The portrait, by extension, becomes a site for site for experiencing a kind of freedom from gender constraints, but one which is, ironically, enacted through heavily proscribed conventions.
What is the appeal of glamorous femininity, as depicted in these portraits?
McRobbie identifies the role that beauty and fashion play in addressing the fraught state of non-identity. The language of pampering and “being worth it” in the advertising and makeover formats encourages women to move to a state of potential worth to consumer culture and the labour market, as well as increasing their own exchange value in what is presented as an increasingly competitive world. In this dramatisation of the individual, it is a requirement not to be overlooked, but to make oneself visible through personal effort and spending (McRobbie 2009).
Through sheer prevalence the specifics of the glamorous/visible look begin to take on a compulsory tone, and it “becomes increasingly difficult to function as a female subject without subjecting oneself to those technologies of self that are constitutive of the spectacularly feminine.” (McRobbie 2009: 60)
McRobbie also describes the excessively feminine masquerade as a cover for the new power being accrued by women in their economic capacity. A certain ‘girliness’ (accessed through the purchase of girly products and services) goes towards alleviating the anxiety that power makes women unfeminine and unattractive to men.
How much change to their appearance do the clients want?
The complaint would often be that the clients did not look like themselves, and that we had done something awkward with them. But equally, the clients did not want to look too much like their everyday selves – a degree of change was required, but this was difficult to predict. If the process worked well, the client could be happily persuaded to pay handsomely for a good photograph.
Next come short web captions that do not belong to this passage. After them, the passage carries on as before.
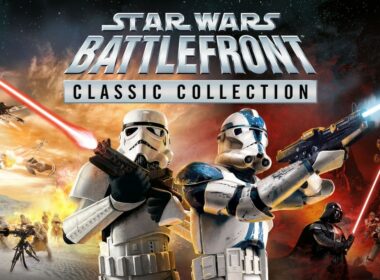 Star Wars: Battlefront Classic Collection Logo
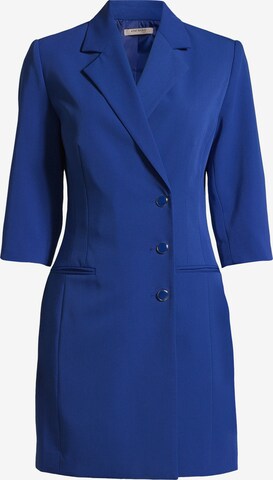 Orsay Shirt Dress 'Pavizer' in Blue: front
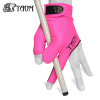 Перчатка Taom Midas Billiard Glove Pink размеры S/M/L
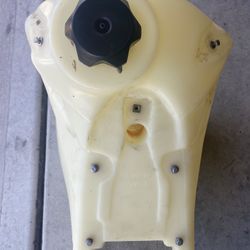 Fuel Tank KTM 2014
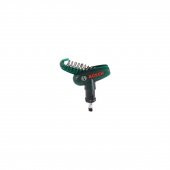 BOSCH 10 Parça Cırcırlı Tornavida Ve Vidalama Ucu Seti - 3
If it did not work well, then the client could get quite upset and angry at having been depicted ‘wrongly’.
So what was the dividing point between recognition and feeling distanced from the depiction of the self? The psychology of guessing how someone wants to appear in a photograph was unquestionably the most difficult aspect of the job, and is where the reliance upon stereotypes became vital.
As a means for enacting change, the allure of the make-over scenario is its narrative of enhancing and revealing of a perfected self. Clients want to see themselves in a different light, to see what potential lies within them if only they could be tended to by professionals. This desire to tap potential ties in with McRobbie’s assertion that women’s encouragement to “make the best of themselves” has economic roots, signally her willingness to enter the job market and do what is required of her. A woman “in control” of her appearance is by proxy in control of herself. Having a well-planned life emerges as a social norm of contemporary, individualised femininity, and absence of this is read as a sign of failure (McRobbie 2009).
The voluntary aspect of the behaviours associated with self-improvement and self-policing hides the reality of patriarchy being still in place, obscuring it with a language of meritocracy and social mobility. That the individual is entirely responsible for their own life-plan ensures that women are still fearful, driven by a need for perfection (McRobbie 2009). Acceptable looks do not just carry social weight in this new world of meritocracy – they also enable economic progress: “appearance and self-expression take on new importance when so many jobs are located in the service sector” (McRobbie 2009: 131).
Referenced Sources
Butler, J., (1990). Gender Trouble: Feminism and the Subversion of Identity. New York: Routledge.
Goffman, E., (1979). Gender Advertisements. London: Macmillan.
McRobbie, A., (2009) The Aftermath of Feminism: Gender, culture and social change. London: Sage.
Tagg, J., (1988). The Burden of Representation: Essays on photographies and histories. London: Macmillan.